During a span of a few months as a brand we overhauled our content that was shared on our Facebook timeline. We were very strategic in the content that was posted to find a right balance between what is needed by the business, culturally relevant moments that fans could rally behind and some fun content that was easy to engage with. Majority of our content was planned well ahead of posting to ensure it was posted at the right day and right time for maximum visibility. It sounds like Social Media 101, but honestly I’m always surprised at how many companies both large and small still don’t plan their content out in this way.

  1. Find the Right Offer

The question in the beginning was; “what kind of offer should we provide that would resonate”? We studied previous offers that we shared within digital and in other marketing channels and we tested a few options and saw our $10 off $40 as a great long term reward for our fans. The sales ticket value was large enough to allow them to truly experience the large assortment of products that RadioShack provides. We continue to look at our performance data to understand the duration of the offer and at what points in time should the offer be available.

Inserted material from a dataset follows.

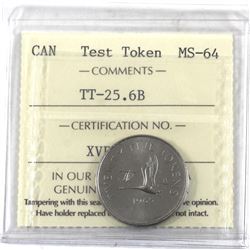 Test Token 1965 25-cent CH# TT-25.6B ICCS Certified MS-64. Struck in Nickel with reeded edge, RARE T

  1. Reward Fans with a Reason To Shop

We saw a significant increase in the average ticket sale due to the fact that when the moment came to ask our fans to come into our stores and shop with us, it was a moment of reward. The offer was exclusive to our Facebook fans. You needed to be our fan and you received an exclusive code only for you. We wanted to give a special gift not only to our fans but being a friend of RadioShack. Real friends invest more in a relationship.

Real friends invest more in a relationship.

All in all is that this process continues to be a learning experience for us and  each brand will need to understand their customer and shopping behaviors not only traditionally but via social before fully going all-in. The end result is that we are beginning to debunk the fact that Social Media not only is it an immense opportunity to build long lasting relationship and engagement with your customers and fans, but it is a money maker.

Is there a social media sales success story that you have?